---------- The data

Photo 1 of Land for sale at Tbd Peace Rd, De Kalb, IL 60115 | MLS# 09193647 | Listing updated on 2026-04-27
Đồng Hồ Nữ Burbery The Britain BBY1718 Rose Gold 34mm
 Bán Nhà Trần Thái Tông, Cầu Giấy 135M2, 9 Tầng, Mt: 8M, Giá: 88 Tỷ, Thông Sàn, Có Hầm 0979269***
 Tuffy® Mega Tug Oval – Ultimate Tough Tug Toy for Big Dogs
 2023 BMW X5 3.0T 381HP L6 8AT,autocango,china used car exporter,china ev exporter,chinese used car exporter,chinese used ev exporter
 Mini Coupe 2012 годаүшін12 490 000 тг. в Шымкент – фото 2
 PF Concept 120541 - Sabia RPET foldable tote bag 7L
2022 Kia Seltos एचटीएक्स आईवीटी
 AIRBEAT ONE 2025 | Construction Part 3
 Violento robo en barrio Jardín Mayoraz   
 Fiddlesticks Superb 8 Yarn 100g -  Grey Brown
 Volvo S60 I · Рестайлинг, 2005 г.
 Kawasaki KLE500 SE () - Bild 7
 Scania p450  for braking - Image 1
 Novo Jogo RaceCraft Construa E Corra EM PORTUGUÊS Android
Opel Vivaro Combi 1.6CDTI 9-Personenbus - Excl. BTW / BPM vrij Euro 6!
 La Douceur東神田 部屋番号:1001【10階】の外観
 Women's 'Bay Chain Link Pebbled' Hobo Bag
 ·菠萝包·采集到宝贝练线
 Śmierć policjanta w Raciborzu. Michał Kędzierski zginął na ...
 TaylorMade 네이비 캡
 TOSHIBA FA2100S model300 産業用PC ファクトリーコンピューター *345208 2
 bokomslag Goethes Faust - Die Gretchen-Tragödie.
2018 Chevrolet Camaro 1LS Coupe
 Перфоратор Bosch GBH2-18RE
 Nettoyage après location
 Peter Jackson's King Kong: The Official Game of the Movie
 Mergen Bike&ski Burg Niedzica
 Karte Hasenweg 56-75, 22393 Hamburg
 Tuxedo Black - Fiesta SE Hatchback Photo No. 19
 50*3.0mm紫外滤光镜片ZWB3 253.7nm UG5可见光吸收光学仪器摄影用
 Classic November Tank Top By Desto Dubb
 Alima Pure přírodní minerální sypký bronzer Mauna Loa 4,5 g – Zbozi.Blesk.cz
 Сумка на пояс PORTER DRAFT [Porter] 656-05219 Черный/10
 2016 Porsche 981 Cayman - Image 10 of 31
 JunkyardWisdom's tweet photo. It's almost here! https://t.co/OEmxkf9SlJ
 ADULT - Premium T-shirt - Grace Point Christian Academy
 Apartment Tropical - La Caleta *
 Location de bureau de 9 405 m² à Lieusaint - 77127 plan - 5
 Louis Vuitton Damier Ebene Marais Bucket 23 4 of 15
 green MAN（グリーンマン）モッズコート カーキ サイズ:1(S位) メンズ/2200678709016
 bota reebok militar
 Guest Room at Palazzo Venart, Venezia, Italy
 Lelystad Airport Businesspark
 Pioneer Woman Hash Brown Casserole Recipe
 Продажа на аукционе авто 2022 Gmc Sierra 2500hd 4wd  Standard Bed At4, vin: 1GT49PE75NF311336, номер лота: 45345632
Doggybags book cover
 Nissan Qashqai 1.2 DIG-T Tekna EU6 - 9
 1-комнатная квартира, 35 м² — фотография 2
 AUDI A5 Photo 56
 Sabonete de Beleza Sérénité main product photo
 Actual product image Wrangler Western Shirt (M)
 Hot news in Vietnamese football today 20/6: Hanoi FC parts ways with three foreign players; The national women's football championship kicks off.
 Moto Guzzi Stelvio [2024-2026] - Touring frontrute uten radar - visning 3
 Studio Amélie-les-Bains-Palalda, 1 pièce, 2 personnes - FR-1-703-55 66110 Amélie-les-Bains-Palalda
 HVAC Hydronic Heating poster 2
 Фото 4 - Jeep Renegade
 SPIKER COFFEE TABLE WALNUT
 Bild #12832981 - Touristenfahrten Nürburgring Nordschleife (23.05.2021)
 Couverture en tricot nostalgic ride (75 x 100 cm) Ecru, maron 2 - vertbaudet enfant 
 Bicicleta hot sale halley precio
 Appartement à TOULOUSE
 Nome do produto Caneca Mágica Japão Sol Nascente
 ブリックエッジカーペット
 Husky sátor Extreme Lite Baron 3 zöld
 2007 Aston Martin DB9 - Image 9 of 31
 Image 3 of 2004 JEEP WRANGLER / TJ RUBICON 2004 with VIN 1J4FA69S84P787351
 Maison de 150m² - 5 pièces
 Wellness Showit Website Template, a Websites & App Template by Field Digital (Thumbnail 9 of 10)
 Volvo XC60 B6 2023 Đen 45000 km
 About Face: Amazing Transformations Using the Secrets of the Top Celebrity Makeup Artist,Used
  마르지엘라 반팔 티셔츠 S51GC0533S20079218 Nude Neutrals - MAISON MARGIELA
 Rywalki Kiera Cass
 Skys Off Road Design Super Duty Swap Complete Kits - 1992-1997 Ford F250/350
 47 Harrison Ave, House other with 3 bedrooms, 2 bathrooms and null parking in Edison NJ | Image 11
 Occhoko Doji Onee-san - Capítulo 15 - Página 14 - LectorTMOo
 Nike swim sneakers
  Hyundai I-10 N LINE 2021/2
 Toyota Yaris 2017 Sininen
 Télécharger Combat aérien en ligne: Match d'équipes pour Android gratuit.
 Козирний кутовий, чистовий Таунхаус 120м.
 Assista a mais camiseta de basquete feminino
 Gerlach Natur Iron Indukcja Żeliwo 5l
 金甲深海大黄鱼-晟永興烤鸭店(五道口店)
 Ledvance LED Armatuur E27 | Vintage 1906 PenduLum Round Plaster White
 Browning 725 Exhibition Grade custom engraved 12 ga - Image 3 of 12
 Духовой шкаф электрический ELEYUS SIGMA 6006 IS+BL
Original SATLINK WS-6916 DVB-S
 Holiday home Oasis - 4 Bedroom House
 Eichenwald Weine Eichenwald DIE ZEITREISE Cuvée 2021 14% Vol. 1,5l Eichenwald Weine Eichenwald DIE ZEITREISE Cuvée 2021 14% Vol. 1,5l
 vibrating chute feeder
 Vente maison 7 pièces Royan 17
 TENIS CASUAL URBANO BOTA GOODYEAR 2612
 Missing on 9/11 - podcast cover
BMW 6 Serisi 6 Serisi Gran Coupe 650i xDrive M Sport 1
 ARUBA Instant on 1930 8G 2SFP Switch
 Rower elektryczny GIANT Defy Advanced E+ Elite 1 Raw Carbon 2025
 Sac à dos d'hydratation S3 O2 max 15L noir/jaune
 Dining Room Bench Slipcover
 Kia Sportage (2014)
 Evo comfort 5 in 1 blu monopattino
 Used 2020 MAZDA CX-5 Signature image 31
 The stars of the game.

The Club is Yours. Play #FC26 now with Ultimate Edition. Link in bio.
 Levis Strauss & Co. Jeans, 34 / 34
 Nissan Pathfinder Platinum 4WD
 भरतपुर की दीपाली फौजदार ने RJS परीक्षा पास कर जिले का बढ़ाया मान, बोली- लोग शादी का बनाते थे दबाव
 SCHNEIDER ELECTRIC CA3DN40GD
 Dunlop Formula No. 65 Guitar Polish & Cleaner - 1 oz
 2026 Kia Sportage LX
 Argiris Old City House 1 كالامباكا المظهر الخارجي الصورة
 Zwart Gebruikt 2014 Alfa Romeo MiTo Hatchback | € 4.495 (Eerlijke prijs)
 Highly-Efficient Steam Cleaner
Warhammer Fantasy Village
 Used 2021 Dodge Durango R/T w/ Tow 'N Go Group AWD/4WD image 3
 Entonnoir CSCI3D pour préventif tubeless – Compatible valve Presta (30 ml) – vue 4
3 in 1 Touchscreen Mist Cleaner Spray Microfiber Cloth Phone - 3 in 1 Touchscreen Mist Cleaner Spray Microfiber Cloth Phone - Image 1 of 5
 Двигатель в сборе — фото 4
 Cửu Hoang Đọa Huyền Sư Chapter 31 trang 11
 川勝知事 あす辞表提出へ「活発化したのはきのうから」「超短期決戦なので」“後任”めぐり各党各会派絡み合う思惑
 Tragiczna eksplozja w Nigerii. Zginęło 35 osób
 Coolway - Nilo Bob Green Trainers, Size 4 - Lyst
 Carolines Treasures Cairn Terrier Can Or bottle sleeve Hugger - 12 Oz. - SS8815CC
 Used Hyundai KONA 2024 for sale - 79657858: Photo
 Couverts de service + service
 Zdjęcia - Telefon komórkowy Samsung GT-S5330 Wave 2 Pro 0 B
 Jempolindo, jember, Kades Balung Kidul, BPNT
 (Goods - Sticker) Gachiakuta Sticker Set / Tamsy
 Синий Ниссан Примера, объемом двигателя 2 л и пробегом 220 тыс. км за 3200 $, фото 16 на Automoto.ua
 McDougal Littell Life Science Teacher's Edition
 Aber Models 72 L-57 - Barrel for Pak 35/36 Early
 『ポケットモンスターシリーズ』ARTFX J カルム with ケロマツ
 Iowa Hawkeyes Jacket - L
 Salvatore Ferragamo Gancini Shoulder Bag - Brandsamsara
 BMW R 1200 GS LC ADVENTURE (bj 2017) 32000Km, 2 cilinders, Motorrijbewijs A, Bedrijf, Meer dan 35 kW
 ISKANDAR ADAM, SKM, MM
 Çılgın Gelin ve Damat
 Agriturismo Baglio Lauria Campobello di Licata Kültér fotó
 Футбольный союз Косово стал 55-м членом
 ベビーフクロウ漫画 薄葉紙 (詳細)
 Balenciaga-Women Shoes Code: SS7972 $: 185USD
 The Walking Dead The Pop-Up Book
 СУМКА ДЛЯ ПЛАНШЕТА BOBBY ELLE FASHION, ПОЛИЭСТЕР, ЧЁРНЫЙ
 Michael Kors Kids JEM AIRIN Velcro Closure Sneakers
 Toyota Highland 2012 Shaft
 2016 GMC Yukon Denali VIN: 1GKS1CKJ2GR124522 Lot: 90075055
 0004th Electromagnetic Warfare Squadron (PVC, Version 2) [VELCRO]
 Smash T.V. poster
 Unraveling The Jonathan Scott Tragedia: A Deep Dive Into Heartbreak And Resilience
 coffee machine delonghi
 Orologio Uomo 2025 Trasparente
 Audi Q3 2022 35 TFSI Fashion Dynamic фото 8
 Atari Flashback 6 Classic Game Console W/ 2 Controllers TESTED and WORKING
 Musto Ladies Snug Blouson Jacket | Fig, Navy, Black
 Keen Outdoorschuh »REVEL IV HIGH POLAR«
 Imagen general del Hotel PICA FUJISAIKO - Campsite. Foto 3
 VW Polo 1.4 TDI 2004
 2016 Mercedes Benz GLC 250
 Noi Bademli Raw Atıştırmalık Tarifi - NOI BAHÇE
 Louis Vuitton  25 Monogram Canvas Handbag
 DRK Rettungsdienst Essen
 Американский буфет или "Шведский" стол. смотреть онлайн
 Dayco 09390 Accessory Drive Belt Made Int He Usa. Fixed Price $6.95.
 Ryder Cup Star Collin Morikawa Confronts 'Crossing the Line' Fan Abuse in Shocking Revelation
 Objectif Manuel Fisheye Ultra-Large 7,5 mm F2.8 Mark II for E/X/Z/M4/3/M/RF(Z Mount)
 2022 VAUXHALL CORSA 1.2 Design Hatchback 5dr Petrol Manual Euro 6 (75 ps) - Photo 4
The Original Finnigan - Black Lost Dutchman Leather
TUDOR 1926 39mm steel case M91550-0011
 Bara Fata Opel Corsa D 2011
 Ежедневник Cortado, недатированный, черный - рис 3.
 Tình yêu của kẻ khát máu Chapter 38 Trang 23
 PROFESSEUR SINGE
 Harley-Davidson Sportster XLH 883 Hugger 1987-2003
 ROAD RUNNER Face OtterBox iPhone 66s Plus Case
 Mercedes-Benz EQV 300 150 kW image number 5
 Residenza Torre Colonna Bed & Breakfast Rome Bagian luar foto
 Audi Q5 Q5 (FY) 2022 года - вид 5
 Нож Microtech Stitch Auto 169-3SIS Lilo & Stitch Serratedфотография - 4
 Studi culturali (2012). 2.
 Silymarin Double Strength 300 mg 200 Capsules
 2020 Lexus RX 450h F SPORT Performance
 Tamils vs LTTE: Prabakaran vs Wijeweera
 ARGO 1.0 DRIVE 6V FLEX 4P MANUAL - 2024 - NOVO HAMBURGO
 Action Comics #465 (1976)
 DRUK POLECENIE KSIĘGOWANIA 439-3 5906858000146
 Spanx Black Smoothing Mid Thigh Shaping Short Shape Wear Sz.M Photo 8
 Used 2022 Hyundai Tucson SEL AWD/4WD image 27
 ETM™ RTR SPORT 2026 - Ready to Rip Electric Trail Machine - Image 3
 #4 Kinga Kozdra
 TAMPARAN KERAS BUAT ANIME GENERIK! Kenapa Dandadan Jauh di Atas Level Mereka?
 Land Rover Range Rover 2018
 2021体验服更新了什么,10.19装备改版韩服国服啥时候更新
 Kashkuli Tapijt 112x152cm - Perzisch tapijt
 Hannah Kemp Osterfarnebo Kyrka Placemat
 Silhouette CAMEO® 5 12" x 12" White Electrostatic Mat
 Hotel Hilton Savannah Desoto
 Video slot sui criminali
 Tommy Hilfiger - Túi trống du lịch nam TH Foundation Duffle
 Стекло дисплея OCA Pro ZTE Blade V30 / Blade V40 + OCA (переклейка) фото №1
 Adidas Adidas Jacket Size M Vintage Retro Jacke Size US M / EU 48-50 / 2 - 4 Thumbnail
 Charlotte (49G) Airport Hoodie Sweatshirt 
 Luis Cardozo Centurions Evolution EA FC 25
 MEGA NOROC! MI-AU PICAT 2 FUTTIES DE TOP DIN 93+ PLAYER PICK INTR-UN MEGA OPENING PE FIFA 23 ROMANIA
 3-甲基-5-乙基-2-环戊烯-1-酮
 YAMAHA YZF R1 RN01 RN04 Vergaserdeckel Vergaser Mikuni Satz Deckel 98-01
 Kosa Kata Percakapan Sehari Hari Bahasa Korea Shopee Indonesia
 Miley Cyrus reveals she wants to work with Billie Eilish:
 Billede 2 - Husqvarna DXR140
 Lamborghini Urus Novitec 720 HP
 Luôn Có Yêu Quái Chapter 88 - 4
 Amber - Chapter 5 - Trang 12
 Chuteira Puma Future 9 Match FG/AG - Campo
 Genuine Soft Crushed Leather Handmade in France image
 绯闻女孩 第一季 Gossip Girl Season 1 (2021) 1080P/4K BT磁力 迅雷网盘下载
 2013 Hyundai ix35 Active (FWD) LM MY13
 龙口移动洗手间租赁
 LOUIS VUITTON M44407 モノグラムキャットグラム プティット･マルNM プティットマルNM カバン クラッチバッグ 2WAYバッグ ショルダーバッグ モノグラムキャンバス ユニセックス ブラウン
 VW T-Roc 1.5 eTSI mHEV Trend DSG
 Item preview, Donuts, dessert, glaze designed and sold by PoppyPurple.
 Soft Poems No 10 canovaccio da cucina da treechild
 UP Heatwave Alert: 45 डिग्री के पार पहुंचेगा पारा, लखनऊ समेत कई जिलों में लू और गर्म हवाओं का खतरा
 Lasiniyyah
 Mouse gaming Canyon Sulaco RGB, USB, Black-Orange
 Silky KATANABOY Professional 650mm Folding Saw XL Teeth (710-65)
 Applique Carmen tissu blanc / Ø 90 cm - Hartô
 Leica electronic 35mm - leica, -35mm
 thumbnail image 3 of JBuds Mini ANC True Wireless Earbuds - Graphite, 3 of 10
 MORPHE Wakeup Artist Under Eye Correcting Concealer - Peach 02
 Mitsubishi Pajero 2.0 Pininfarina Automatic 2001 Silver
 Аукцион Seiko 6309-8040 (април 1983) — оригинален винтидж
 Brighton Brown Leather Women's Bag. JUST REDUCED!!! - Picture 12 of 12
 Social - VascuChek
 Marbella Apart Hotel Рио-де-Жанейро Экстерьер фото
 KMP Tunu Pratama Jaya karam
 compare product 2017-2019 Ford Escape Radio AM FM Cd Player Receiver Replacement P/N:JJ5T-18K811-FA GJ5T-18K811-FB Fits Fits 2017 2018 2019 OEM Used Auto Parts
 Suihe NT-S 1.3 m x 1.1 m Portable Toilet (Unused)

--------------------

• [Task to complete]:
What is needed is every line from the start of the entries through the line containing "Karte Hasenweg 56-75, 22393 Hamburg", returned word for word and nothing else.

• [Task response]:
Photo 1 of Land for sale at Tbd Peace Rd, De Kalb, IL 60115 | MLS# 09193647 | Listing updated on 2026-04-27
Đồng Hồ Nữ Burbery The Britain BBY1718 Rose Gold 34mm
 Bán Nhà Trần Thái Tông, Cầu Giấy 135M2, 9 Tầng, Mt: 8M, Giá: 88 Tỷ, Thông Sàn, Có Hầm 0979269***
 Tuffy® Mega Tug Oval – Ultimate Tough Tug Toy for Big Dogs
 2023 BMW X5 3.0T 381HP L6 8AT,autocango,china used car exporter,china ev exporter,chinese used car exporter,chinese used ev exporter
 Mini Coupe 2012 годаүшін12 490 000 тг. в Шымкент – фото 2
 PF Concept 120541 - Sabia RPET foldable tote bag 7L
2022 Kia Seltos एचटीएक्स आईवीटी
 AIRBEAT ONE 2025 | Construction Part 3
 Violento robo en barrio Jardín Mayoraz   
 Fiddlesticks Superb 8 Yarn 100g -  Grey Brown
 Volvo S60 I · Рестайлинг, 2005 г.
 Kawasaki KLE500 SE () - Bild 7
 Scania p450  for braking - Image 1
 Novo Jogo RaceCraft Construa E Corra EM PORTUGUÊS Android
Opel Vivaro Combi 1.6CDTI 9-Personenbus - Excl. BTW / BPM vrij Euro 6!
 La Douceur東神田 部屋番号:1001【10階】の外観
 Women's 'Bay Chain Link Pebbled' Hobo Bag
 ·菠萝包·采集到宝贝练线
 Śmierć policjanta w Raciborzu. Michał Kędzierski zginął na ...
 TaylorMade 네이비 캡
 TOSHIBA FA2100S model300 産業用PC ファクトリーコンピューター *345208 2
 bokomslag Goethes Faust - Die Gretchen-Tragödie.
2018 Chevrolet Camaro 1LS Coupe
 Перфоратор Bosch GBH2-18RE
 Nettoyage après location
 Peter Jackson's King Kong: The Official Game of the Movie
 Mergen Bike&ski Burg Niedzica
 Karte Hasenweg 56-75, 22393 Hamburg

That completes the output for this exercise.